/scala-ble

A Scala Spark based project to experiment with map-reduce algorithms on big data graph shaped

Primary LanguageScalaMIT LicenseMIT

Scala Spark Project

A Scala (v2.11) - Spark (v2.3) based project to experiment with map-reduce algorithms on big data graph shaped.

The dependencies (only Apache Spark core) linking and building for this project is done via sbt.

To avoid dealing with duplicate and/or conflicts between libraries, before launching the command sbt assembly to create the .jar artifact, add the provided option to the org.apache.spark.spark-core dependency in the build.sbt file.

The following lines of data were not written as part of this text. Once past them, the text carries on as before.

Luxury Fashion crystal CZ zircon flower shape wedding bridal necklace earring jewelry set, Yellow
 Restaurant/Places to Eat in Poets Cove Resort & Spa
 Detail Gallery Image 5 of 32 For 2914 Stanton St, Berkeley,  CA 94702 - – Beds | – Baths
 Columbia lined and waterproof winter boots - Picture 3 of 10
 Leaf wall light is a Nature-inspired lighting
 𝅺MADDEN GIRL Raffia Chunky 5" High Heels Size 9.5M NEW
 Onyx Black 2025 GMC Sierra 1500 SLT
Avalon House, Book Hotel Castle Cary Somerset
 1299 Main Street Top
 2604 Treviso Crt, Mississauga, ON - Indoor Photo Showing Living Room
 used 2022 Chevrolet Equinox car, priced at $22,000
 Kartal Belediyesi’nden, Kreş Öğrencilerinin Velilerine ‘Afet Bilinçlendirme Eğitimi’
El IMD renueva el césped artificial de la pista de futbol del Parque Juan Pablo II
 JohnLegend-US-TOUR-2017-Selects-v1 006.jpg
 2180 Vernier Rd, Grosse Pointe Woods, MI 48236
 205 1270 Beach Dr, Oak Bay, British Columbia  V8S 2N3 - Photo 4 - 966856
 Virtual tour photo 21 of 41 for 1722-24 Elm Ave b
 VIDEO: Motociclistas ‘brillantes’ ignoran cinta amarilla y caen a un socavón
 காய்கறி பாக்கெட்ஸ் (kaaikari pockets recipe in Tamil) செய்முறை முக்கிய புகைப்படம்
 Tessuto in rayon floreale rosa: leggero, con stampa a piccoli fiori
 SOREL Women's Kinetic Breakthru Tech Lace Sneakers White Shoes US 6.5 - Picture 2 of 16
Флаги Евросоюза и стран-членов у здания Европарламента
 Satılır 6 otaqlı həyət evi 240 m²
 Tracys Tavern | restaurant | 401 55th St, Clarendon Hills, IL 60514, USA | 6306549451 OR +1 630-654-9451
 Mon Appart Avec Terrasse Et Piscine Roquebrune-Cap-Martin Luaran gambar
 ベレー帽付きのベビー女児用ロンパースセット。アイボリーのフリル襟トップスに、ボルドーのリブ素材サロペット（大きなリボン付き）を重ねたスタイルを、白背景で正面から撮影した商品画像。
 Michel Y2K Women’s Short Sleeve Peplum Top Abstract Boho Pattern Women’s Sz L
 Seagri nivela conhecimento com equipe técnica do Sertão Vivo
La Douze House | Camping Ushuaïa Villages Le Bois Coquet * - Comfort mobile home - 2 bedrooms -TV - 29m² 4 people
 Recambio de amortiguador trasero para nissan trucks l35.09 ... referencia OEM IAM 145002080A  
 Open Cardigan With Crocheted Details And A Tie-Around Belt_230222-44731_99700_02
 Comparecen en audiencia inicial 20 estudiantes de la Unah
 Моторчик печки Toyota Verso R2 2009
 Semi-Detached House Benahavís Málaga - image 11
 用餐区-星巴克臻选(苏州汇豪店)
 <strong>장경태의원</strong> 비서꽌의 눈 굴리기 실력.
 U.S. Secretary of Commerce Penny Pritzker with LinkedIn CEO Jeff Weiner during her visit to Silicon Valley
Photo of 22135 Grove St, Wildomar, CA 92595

Then you can launch the application using the spark-submit <jarFile> --appArguments command.

Command-line arguments

Usage: ScalaSparkProject.jar [--debug] [--local N_CORES] [--partitions N_PART] [--outputs] [--trasform MODE] [--dpr N_DIGITS] [--friends-rec N_RECS] [--triangles] --input GRAPHFILE

The last four optional arguments are the main program functions also called jobs. If no job is specified as a command-line argument, ALL jobs gets executed.
You can run the application locally and control the number of cores used using the --local option.
Giving the argument --outputs the program will save the resulting RDDs in a folder ./outputs/jobName.

OPTIONS

  • --local N_CORES where N_CORES must be an Integer indicating the number of cores to use. Only when launching the application locally.
  • --partitions N_PARTS where N_PARTS must be an Integer > 0 indicating the number of partitions for the main edges RDD. Recommended value is #cores*#executors*1.75 (powerful flag to tune parallelism, use with caution).
  • --trasform MODE where MODE must be an Integer between 0 and 2 to indicate the kind of, per-vertex, edges list to get (0: outgoing links, 1: ingoing links, 2: both).
  • --dpr N_DIGITS where N_DIGITS must be an Integer between 1 and 20 to shift down the decimal digits for the tolerance value (e.g. --dpr 4 => toll = 1e-4).
  • --friends-rec N_RECS where N_RECS must be an Integer between 0 and 50 specifying the number of the, per-user/vertex, friends recommendations wanted (0: to emit all recommendations).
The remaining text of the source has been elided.